**WORK REQUEST**
Copy nothing from the entries below except the lines from the one containing "Man In Front" through the one containing "A room with", and copy those exactly.

**DATA EXTRACT**
* * *

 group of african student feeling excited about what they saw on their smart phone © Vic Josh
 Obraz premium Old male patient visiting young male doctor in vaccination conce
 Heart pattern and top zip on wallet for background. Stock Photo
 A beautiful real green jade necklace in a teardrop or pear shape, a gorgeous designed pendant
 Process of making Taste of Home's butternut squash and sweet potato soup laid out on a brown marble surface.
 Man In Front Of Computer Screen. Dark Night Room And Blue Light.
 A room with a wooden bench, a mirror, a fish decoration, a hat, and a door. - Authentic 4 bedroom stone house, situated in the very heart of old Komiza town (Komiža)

* * *

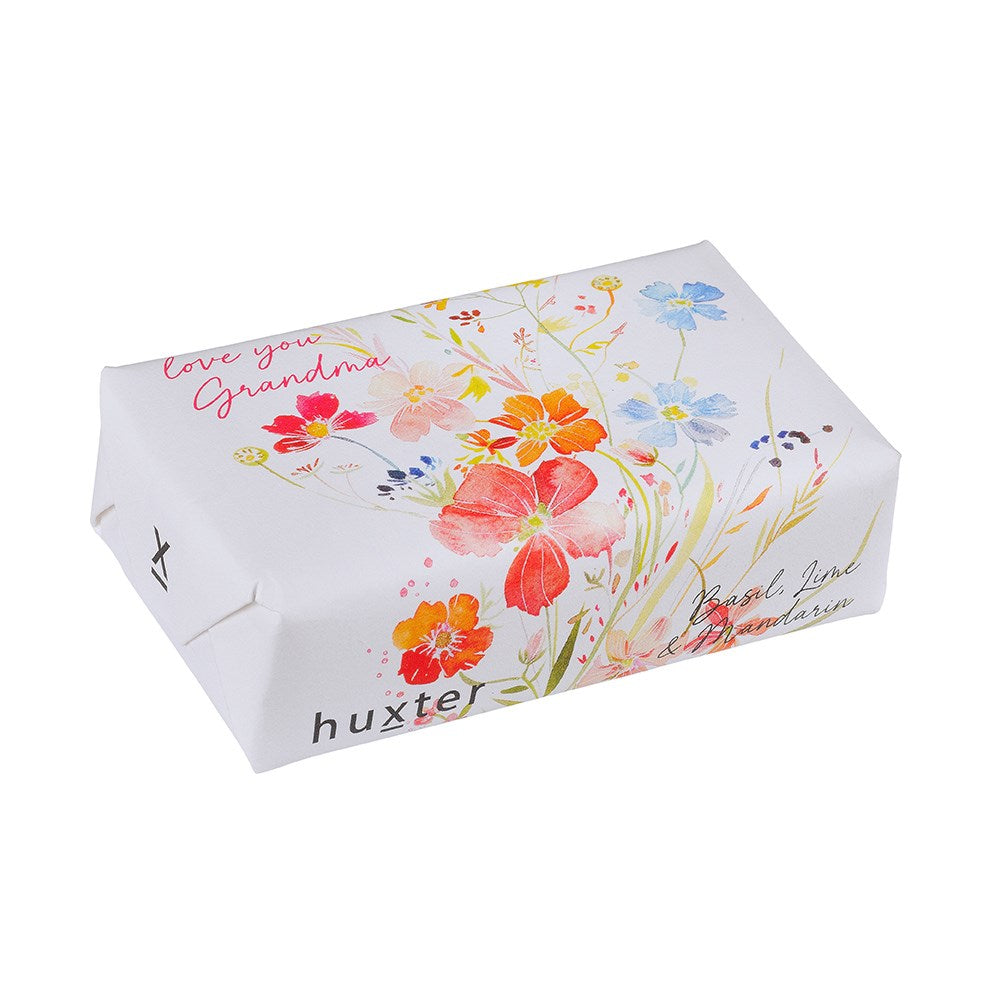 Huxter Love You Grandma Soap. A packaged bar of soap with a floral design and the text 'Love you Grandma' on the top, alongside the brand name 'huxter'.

* * *

**REPLY TO THE TASK**
 Man In Front Of Computer Screen. Dark Night Room And Blue Light.
 A room with a wooden bench, a mirror, a fish decoration, a hat, and a door. - Authentic 4 bedroom stone house, situated in the very heart of old Komiza town (Komiža)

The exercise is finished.